We continue to forecast capital spending for this year of $260 to $290 million, which represents an approximate 50% reduction from our original plan of $500 to $575 million. With this revised capital program, we suspended drilling operations in Canada and expect to see a moderated pace of activity in the Eagle Ford.

We previously announced that we had voluntarily shut-in approximately 25,000 boe/d of production. These volumes remained off-line for April and May. As operating netbacks improved in June, we initiated plans to bring approximately 80% of these volumes back on-line.
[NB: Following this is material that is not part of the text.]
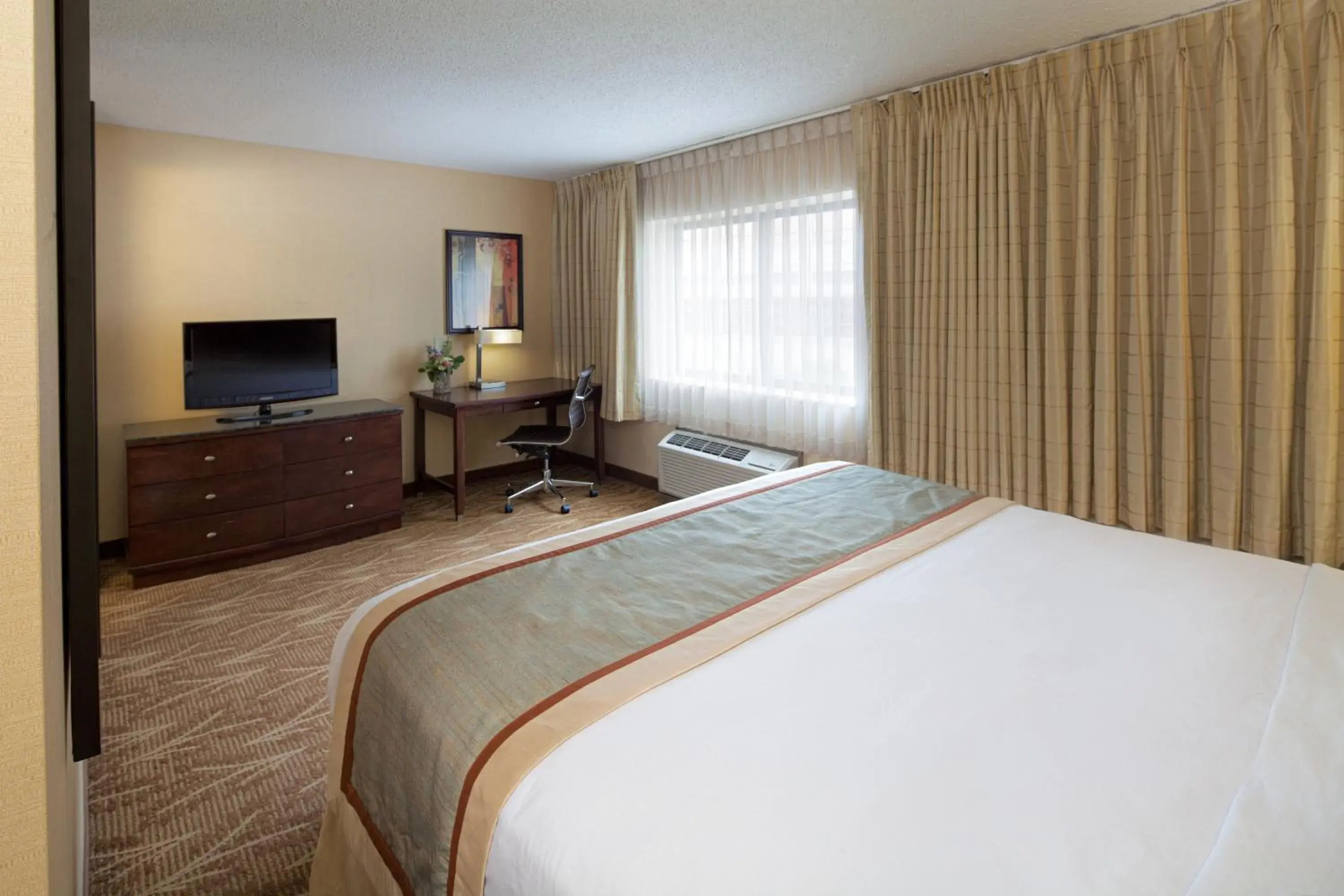 King Room with Roll-In Shower - Disability Access in Kahler Inn and Suites King Room with Roll-In Shower - Disability Access in Kahler Inn and Suites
At current commodity prices, the resumption of production from these previously shut-in barrels will have a positive impact on our adjusted funds flow and improve our financial liquidity. For the second half of 2020, we currently project about 5,000 boe/d of heavy oil production to remain shut-in.

Taking into account the production brought back on-line, we are revising our production guidance range for 2020 to 78,000 to 82,000 boe/d, from 70,000 to 74,000 boe/d previously. We expect production in the second quarter to average approximately 72,000 to 73,000 boe/d. Should operating netbacks change, we have the ability to shut-in additional volumes or restart wells in short order.
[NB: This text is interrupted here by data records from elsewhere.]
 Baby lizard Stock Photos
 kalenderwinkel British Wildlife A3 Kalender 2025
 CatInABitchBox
As operations resume, we remain intensely focused on driving further efficiencies to capture or sustain cost reductions previously identified during the downturn, while protecting the health and safety of our personnel.     

Financial Liquidity

Based on the forward strip(1), we expect to maintain our financial liquidity and remain onside with our financial covenants through 2021. 

  (1) 2020 full year pricing assumptions: WTI - US$37/bbl; WCS differential - US$14/bbl; MSW differential – US$6/bbl, NYMEX Gas - US$1.95/mcf; AECO Gas - $2.00/mcf and Exchange Rate (CAD/USD) - 1.36. 2021 full year pricing assumptions: WTI - US$40/bbl; WCS differential - US$14/bbl; MSW differential – US$7/bbl, NYMEX Gas - US$2.65/mcf; AECO Gas - $2.25/mcf and Exchange Rate (CAD/USD) - 1.36.

Our credit facilities total approximately $1.1 billion and have a maturity date of April 2, 2024. These are not borrowing base facilities and do not require annual or semi-annual reviews. As of March 31, 2020, we had $417 million of undrawn capacity on our credit facilities resulting in approximately $315 million of liquidity net of working capital. In addition, our first long-term note maturity of US$400 million is not until June 2024.

Financial Covenants

The following table summarizes the financial covenants applicable to the credit facilities and Baytex's compliance therewith as at March 31, 2020.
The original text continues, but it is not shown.